◆ **Your assignment**
All that is needed is the lines from the one containing "One of a Kind" through the end of the listing, printed exactly, with no pictures among them.
*** Begin section ***
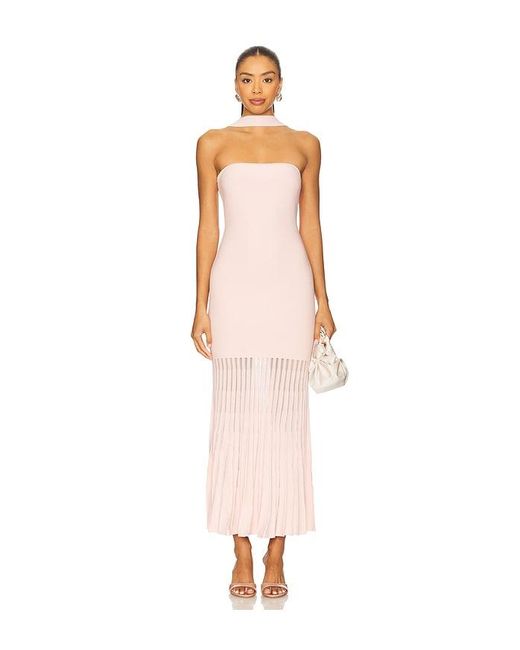 Lovers + Friends White Kelly Pleated Knit Dress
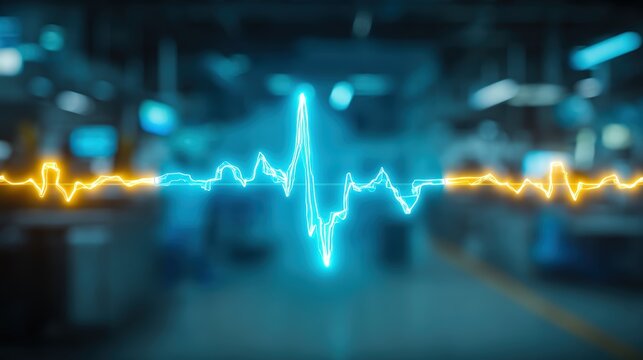 Innovative heartbeat visualization industrial setting digital art futuristic environment close-up view health technology concept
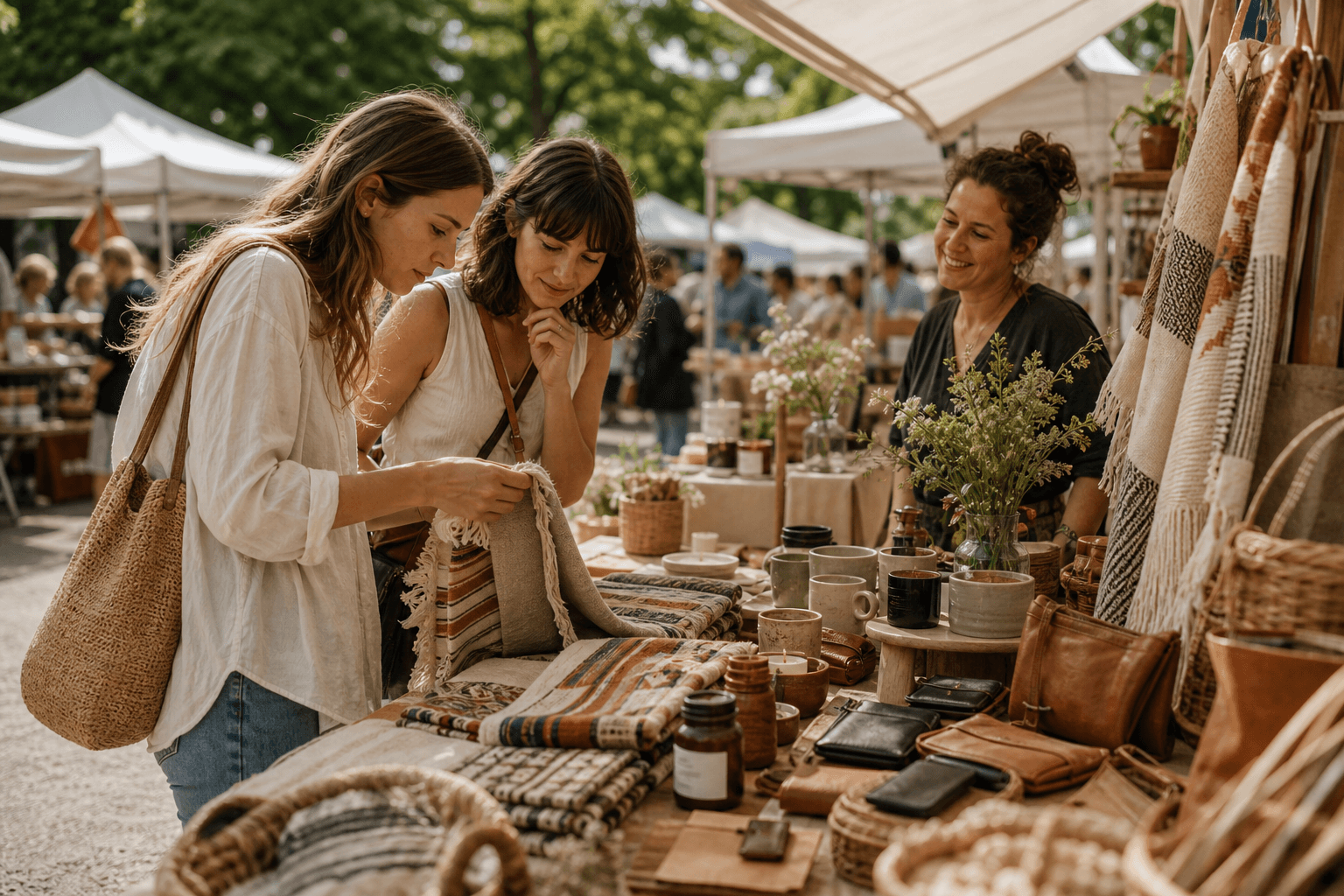 Buyers browsing handmade goods at a Thames Valley market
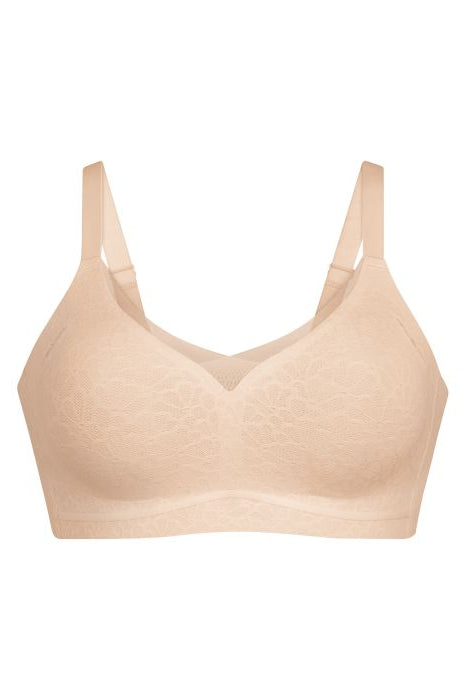 Beige bralette on a white background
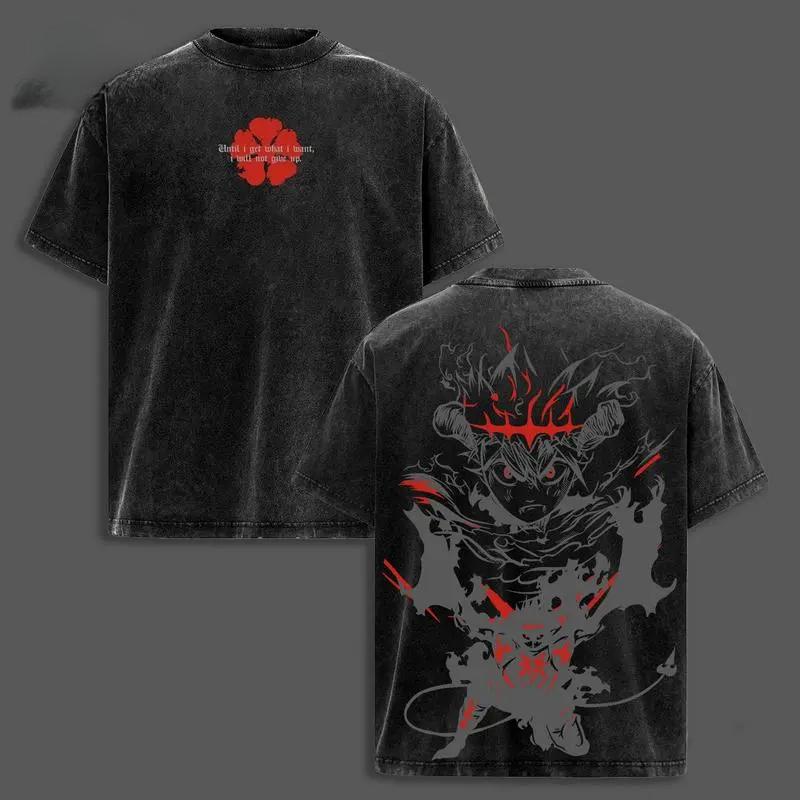 

Black Clover Asta Anime Graphic Tshirt Men Women Clothing Short Sleeve Cotton T-shirts Vintage Washed Tee Harajuku Male T Shirt XXL чёрный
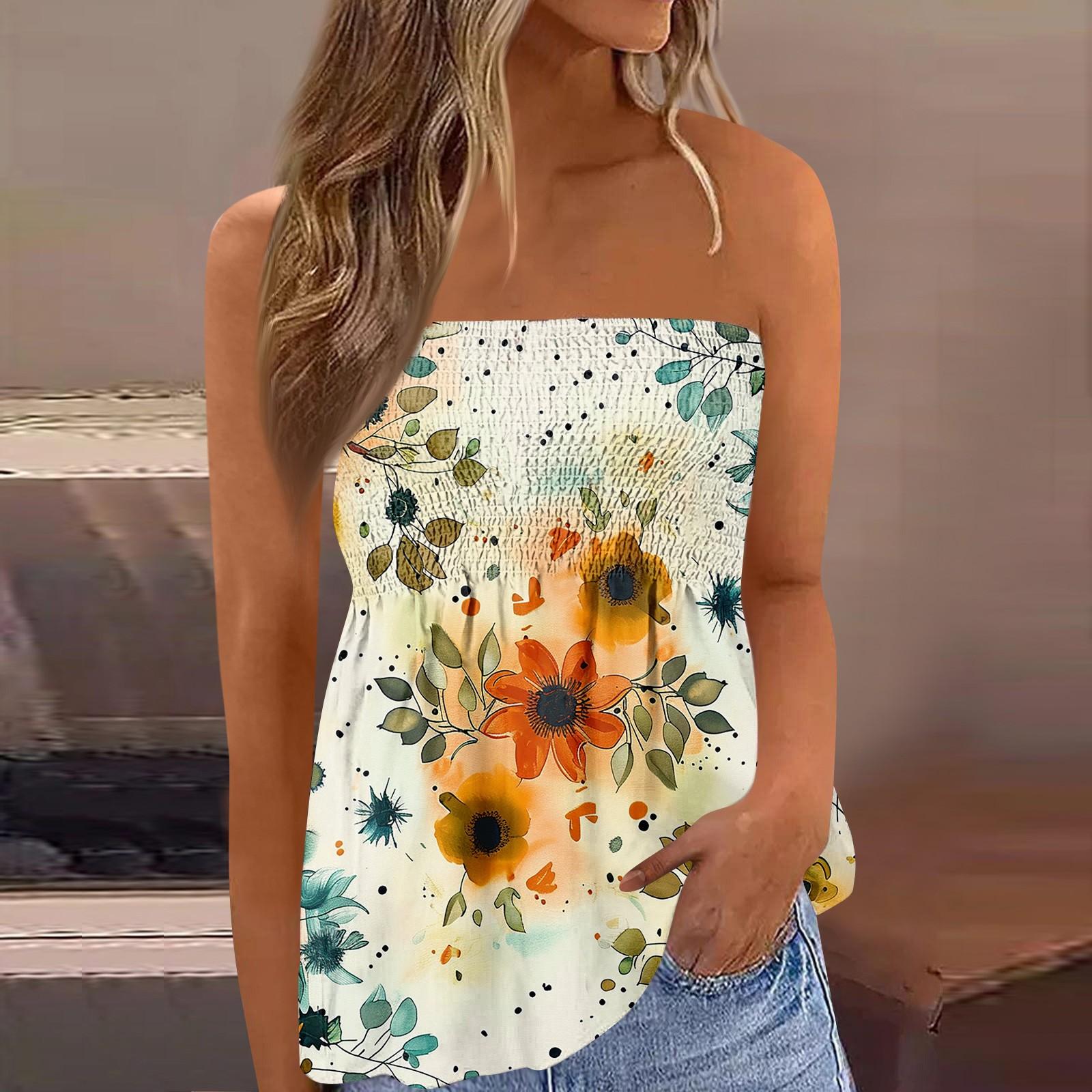 

2024 топы для женщин, милая сексуальная футболка без рукавов с открытыми плечами и цветочным принтом XXL жёлтый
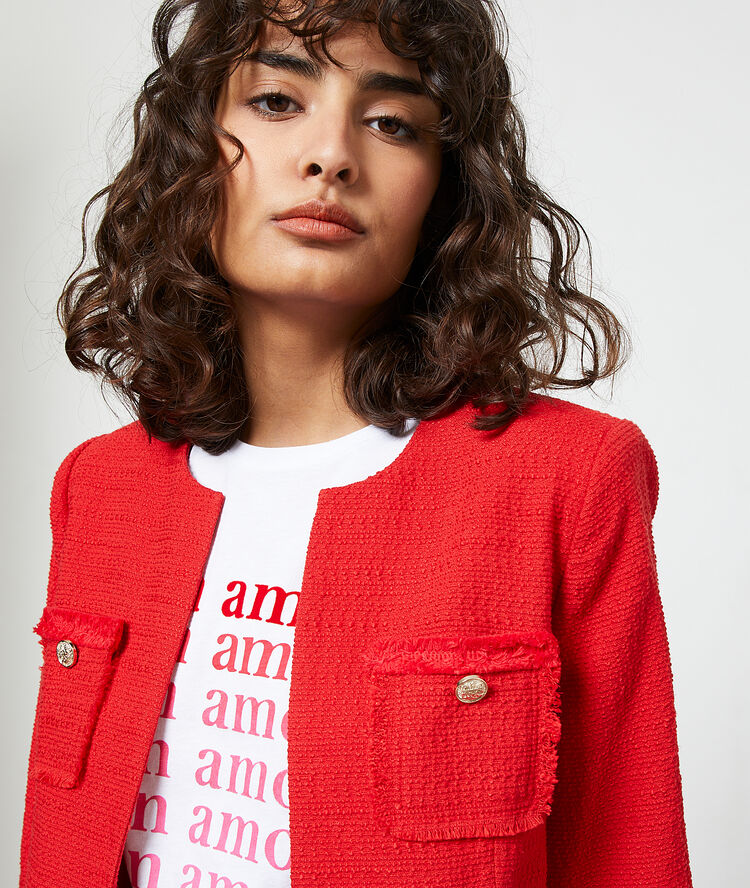 Veste de tailleur effet tweed carmin.
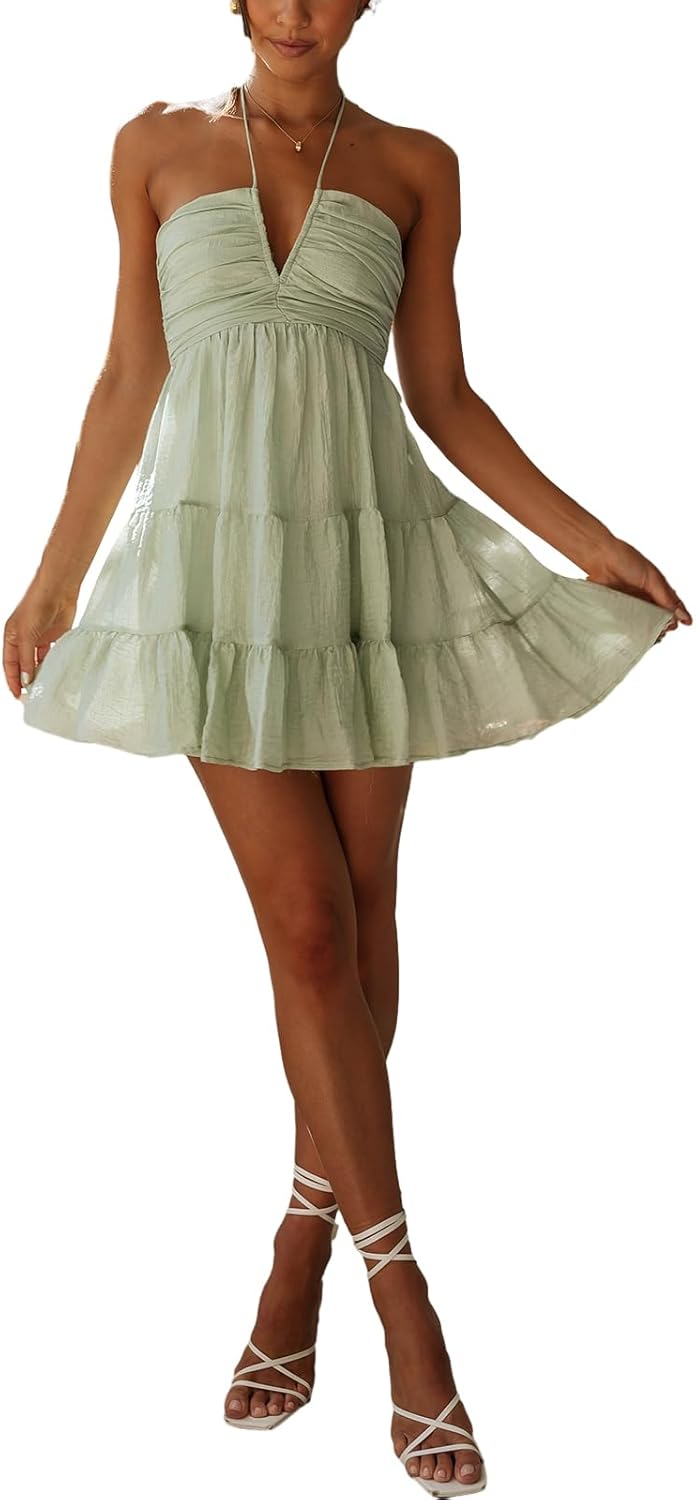 Womens Floral Mini Dress Summer Halter Tie Back Sleeveless A Line Boho Short Dresses Beach Cami Sun Dress - Image 4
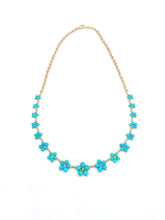 One of a Kind Sleeping Beauty Turquoise & Mixed Gemstone Tapered Daisy Chain Necklace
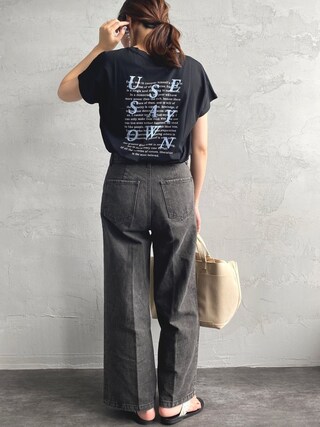 nori使用「JEANS FACTORY（[MAISON DE L'ALLURE/メゾンドゥラリュール] フレンチスリーブ バックロゴプリントTシャツ）」的時尚穿搭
*** End section ***
◆ **Result of this exercise**
 One of a Kind Sleeping Beauty Turquoise & Mixed Gemstone Tapered Daisy Chain Necklace
 nori使用「JEANS FACTORY（[MAISON DE L'ALLURE/メゾンドゥラリュール] フレンチスリーブ バックロゴプリントTシャツ）」的時尚穿搭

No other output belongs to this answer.